**WHAT THE TASK ASKS:** Once you find the line with "R.798: Danzig 50.000 Mark 1923 (3)" in the entries below, print it and each line after it up to and including the line with "Bianca Shower Mixer", exactly, without pictures.

**INFORMATION SHOWN:**
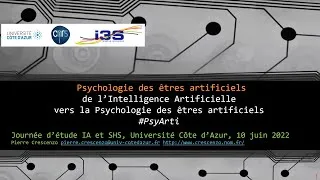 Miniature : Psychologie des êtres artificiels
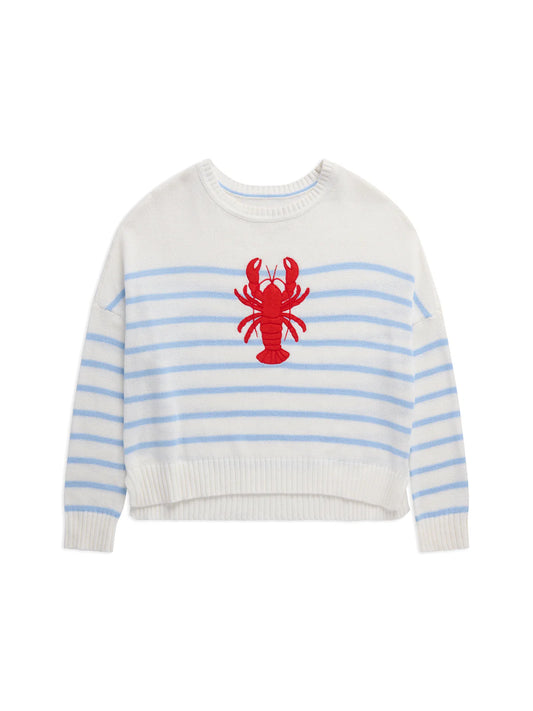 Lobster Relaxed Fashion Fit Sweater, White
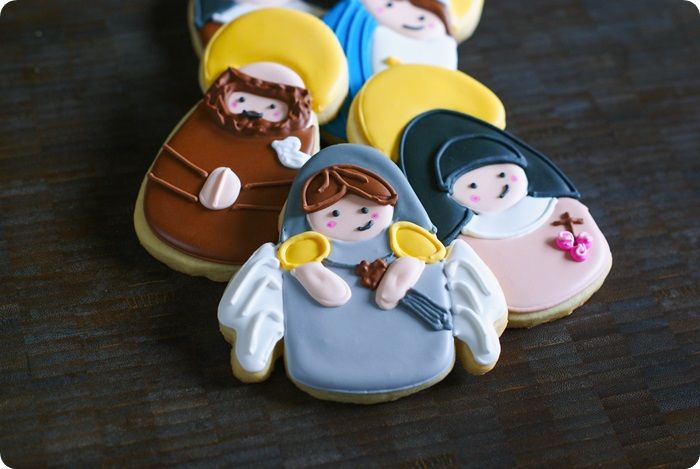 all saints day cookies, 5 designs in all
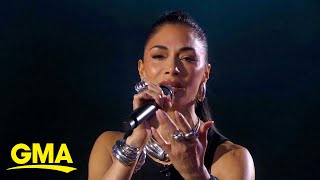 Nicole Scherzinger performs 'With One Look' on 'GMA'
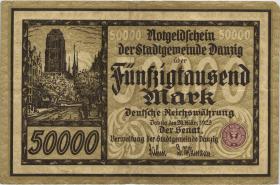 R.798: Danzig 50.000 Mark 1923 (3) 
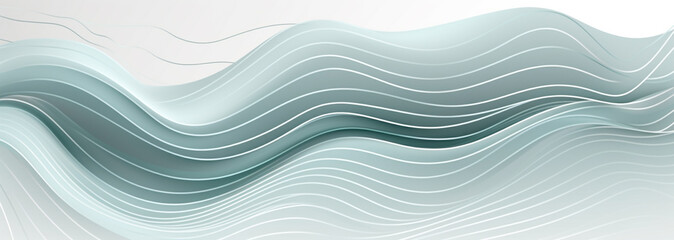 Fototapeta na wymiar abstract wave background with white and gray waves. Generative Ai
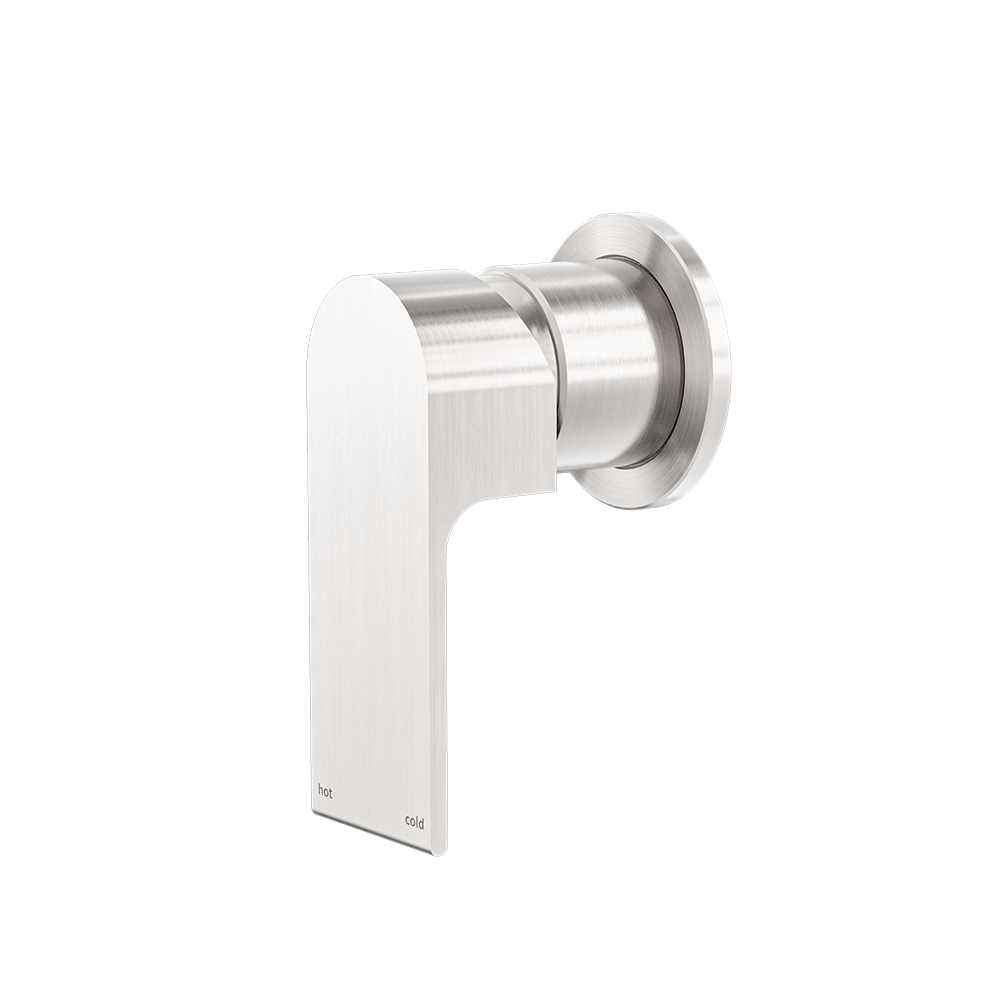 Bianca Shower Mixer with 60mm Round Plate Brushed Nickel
---
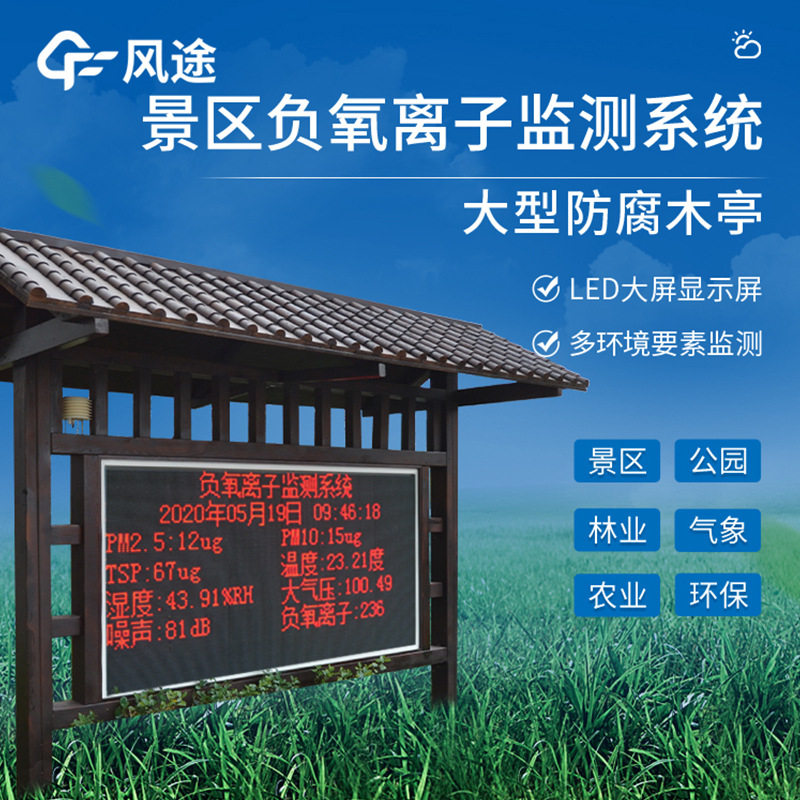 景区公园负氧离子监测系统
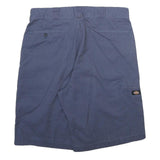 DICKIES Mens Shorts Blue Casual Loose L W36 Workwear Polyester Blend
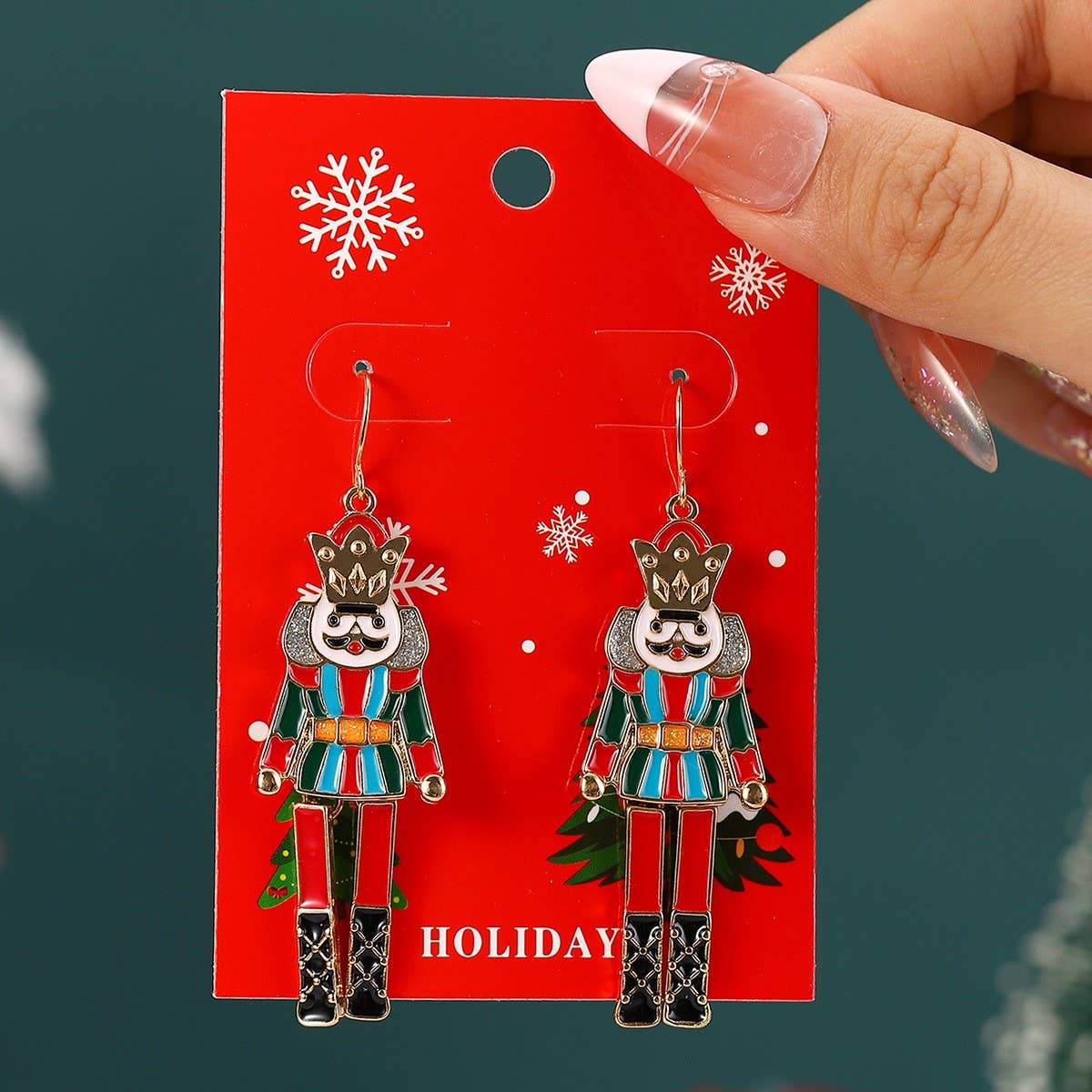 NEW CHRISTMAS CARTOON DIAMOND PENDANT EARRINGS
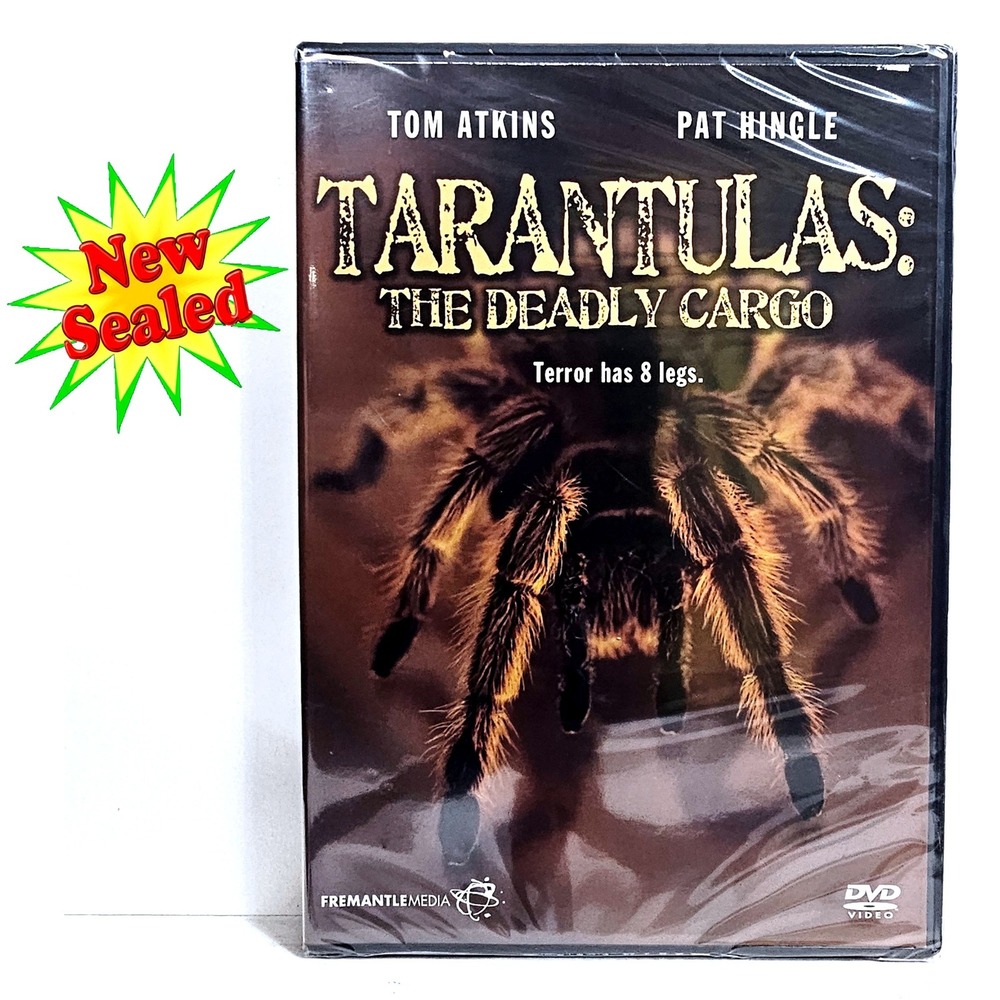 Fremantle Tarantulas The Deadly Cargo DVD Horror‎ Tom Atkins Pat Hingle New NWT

**FINAL ANSWER:**
 R.798: Danzig 50.000 Mark 1923 (3) 
 Fototapeta na wymiar abstract wave background with white and gray waves. Generative Ai
 Bianca Shower Mixer with 60mm Round Plate Brushed Nickel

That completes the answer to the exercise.